Voler de ses propres ailes
Et Igor Dieryck de confier qu’il est essentiel de s’entourer des bonnes personnes. «La mode est aussi un business. Il faut tenir compte de la réalité du marché, qui est complexe, surtout pour un petit acteur indépendant. Si je crée moi-même un produit, je veux que les gens puissent l’acheter. Je n’ai pas envie de vendre des créations à 3.000 euros.»
Il considère ainsi cette année comme une année de formation. «Ce n’est pas une année perdue. La collection que je présenterai en octobre est beaucoup plus forte que la précédente, plus qualitative aussi. Il est plus judicieux d’acquérir autant d’expérience que possible, afin d’être plus résistant si l’on veut un jour voler de ses propres ailes.»
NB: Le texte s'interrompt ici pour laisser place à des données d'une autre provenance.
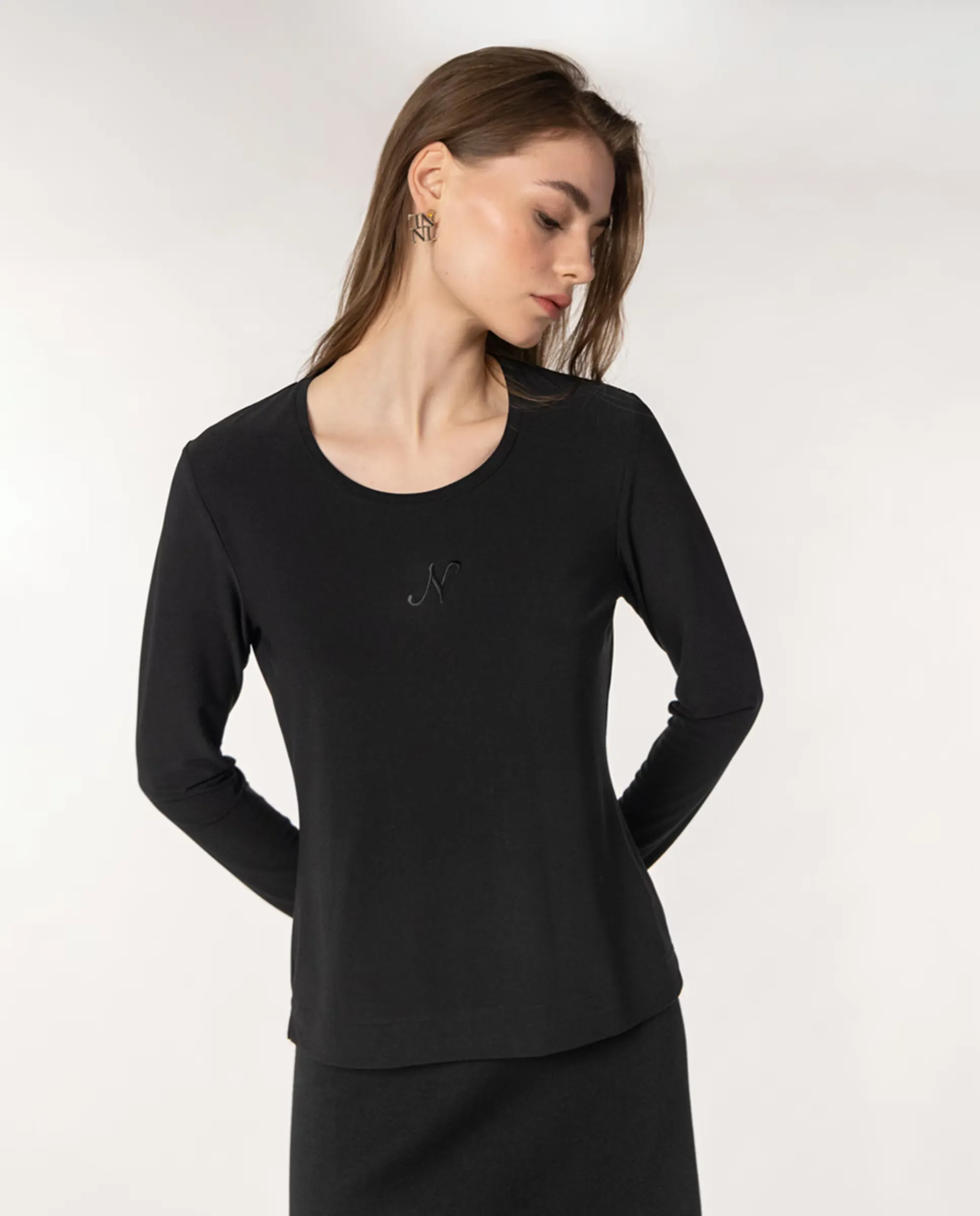 Женская футболка из крепового трикотажа с круговым вышитым логотипом Naulover, черный
Женская футболка из крепового трикотажа с круговым вышитым логотипом Naulover, черный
L’intéressé a aussi effectué un stage auprès de Meryll Rogge. «Pour moi, elle est l’exemple même de quelqu’un qui a pris son temps. Elle a travaillé pour Marc Jacobs et pour Dries Van Noten, et ce n’est qu’ensuite qu’elle a créé sa propre marque. Dans les écoles de mode, on vous présente encore souvent le cliché romantique du créateur qui fait tout, tout seul, mais la réalité est bien différente aujourd’hui.» Il réfléchit et pèse ses mots. «Parfois, je me réveille le matin et je me dis, allez, c’est bon, j’y vais. Puis je doute et me dis que je veux d’abord acquérir davantage d’expérience.»